IDEO define what they call the T-shaped designer—that's somebody with a deep expertise in one specific area, but a general knowledge of others. I look for that as well. If I'm taking on an industrial designer for example, I expect that they have an amazing skill and talent in their area of designing and making physical product. I also look for their ability now to understand the digital world, to understand interface, to understand experience design, and to be willing to think of their profession more broadly. In today's modern world, you need those kinds of broader thinking skills. That applies again for the interaction designers, that they must also be very skilled and adept at their profession, but at the same time, have an interest and passion for the physical world, and know how to work in the physical world as well.
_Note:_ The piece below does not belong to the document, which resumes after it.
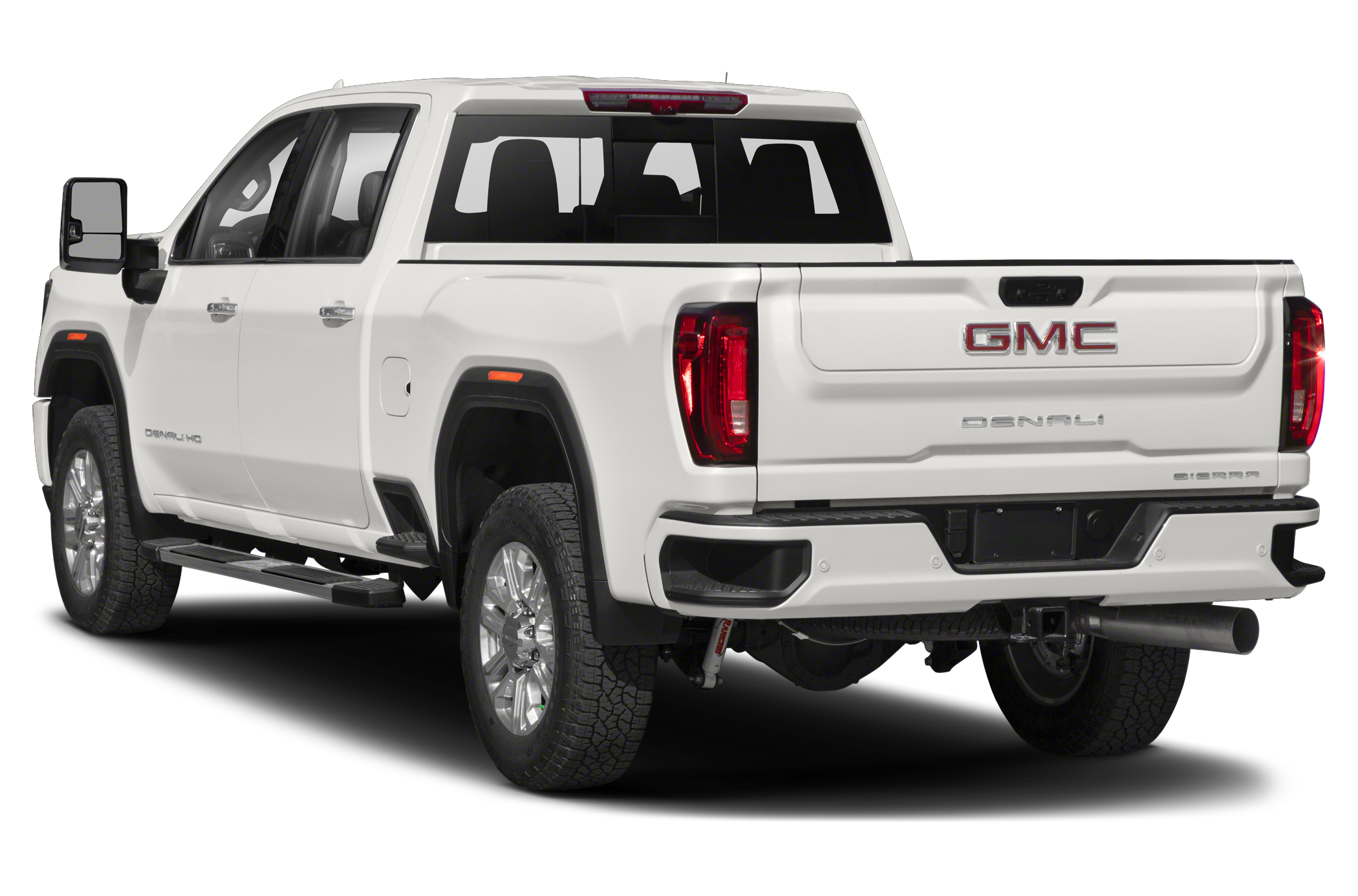 2022 GMC Sierra 2500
We still have to deliver, we still have to make products, so that depth of skill and knowledge in one's area of expertise is required. The ability to work with others is also paramount. The other thing that I'm emphasizing a lot now as well is that design is, in a way, moving toward filmmaking, if you like, because with experiences or service-based design, you're thinking about a consumer's experience over time and space. The best way to design with that level of complexity is by creating narratives and stories with characters, and I find this is a very good way to anchor the team or to provide the guiding power for the designers to work toward. If they can share the narrative, then they can each go off in their areas of expertise and create the outputs from that narrative.

We always try to put some storytelling and a narrative into our project plans, and that might start in the beginning with defining our personas and characters. Then it's creating a journey map or a day in the life of a person; and then, throughout the UX track, we further that story and often we end the project with a short three-minute or five-minute film with live actors that basically explains how the product is used. That's a very good method of communicating a product idea that's physical and digital, and we've had a lot of success with that.